Is it true that for a fixed positive definite $C\in\mathbb{R}^{n\times n}$ and $M\in\mathbb{R}^{n\times n}$ and a positive definite $T\in\mathbb{R}^{n\times n}$ ($M$ and $T$ are to be chosen), \begin{align*} \text{Tr}(C(MCM^\top T^{-1}+I)^{-1}) \end{align*} is minimized when the eigenvalues of $MT^{-1}M^\top$ are maximized.
My intuition:
- If we were to simplify the matrices to just single variables (i.e., $1\times1$ matrices), the goal would simply become minimizing $\frac{C}{M^2C/T+1}=\frac{1}{M^2/T+1/C}$, which holds when $\frac{M^2}{T}$ is maximized.
- If they are all diagonal matrices, then the above is also true.

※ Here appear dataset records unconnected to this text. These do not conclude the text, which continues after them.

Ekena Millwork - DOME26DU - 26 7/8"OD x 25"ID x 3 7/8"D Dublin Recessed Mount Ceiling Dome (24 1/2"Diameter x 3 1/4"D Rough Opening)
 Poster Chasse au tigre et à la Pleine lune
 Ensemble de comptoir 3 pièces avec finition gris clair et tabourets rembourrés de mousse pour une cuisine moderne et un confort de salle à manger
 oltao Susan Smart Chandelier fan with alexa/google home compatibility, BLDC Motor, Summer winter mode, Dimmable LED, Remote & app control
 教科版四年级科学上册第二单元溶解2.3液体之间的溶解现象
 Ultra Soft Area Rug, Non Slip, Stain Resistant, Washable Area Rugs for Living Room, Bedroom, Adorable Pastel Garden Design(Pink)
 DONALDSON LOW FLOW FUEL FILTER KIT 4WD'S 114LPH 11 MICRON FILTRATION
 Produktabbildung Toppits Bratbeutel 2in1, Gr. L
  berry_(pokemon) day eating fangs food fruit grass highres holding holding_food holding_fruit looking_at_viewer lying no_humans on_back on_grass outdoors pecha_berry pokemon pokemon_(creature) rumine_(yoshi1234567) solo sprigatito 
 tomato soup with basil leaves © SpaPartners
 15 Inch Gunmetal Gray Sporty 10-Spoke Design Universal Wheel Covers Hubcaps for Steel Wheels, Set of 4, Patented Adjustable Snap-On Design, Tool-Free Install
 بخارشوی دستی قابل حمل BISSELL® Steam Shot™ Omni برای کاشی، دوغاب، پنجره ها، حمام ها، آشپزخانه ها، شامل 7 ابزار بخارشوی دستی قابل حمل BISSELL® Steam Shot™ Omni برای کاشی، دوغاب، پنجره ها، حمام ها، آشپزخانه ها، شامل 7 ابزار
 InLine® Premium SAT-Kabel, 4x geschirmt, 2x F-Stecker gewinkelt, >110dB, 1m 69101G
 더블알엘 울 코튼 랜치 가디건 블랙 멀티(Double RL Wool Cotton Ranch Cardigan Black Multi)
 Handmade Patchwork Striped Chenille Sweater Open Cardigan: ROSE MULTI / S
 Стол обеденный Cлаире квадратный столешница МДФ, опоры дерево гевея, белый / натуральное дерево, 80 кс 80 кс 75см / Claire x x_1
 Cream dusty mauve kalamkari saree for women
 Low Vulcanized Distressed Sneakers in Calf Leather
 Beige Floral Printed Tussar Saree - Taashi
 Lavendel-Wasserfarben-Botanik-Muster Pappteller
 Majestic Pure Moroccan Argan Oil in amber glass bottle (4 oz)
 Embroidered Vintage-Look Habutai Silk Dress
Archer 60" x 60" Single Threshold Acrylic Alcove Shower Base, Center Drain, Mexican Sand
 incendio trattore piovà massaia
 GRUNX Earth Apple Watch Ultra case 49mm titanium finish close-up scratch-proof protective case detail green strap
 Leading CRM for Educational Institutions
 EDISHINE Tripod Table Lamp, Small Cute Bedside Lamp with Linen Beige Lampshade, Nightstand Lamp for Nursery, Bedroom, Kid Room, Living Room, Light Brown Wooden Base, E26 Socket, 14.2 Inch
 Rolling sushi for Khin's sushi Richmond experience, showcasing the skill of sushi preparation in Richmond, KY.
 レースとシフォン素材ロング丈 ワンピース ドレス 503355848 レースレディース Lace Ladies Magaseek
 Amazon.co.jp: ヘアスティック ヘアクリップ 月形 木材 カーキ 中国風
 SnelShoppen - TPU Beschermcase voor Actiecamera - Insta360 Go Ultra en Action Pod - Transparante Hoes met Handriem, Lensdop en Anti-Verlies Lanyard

- I also thought of using Woodbury matrix identity to simplify the above equation but got stuck: \begin{align*} \text{Tr}(C(MCM^\top T^{-1}+I)^{-1}) &=\text{Tr}(CT(MCM^\top+T)^{-1}) \\ &=\text{Tr}(CT(T^{-1}-T^{-1}M(C^{-1}+M^\top T^{-1}M)^{-1}M^\top T^{-1})) \\ &=\text{Tr}(C(I-M(C^{-1}+M^\top T^{-1}M)^{-1}M^\top T^{-1})) \\ &=\text{Tr}(C)-\text{Tr}(CM(C^{-1}+M^\top T^{-1}M)^{-1}M^\top T^{-1}) \\ &=\text{Tr}(C)-\text{Tr}(CM^\top T^{-1}M(C^{-1}+M^\top T^{-1}M)^{-1}). \end{align*} Then minimizing the above is just maximizing $\text{Tr}(CM^\top T^{-1}M(C^{-1}+M^\top T^{-1}M)^{-1})$ since $C$ is fixed. I got stuck at this point.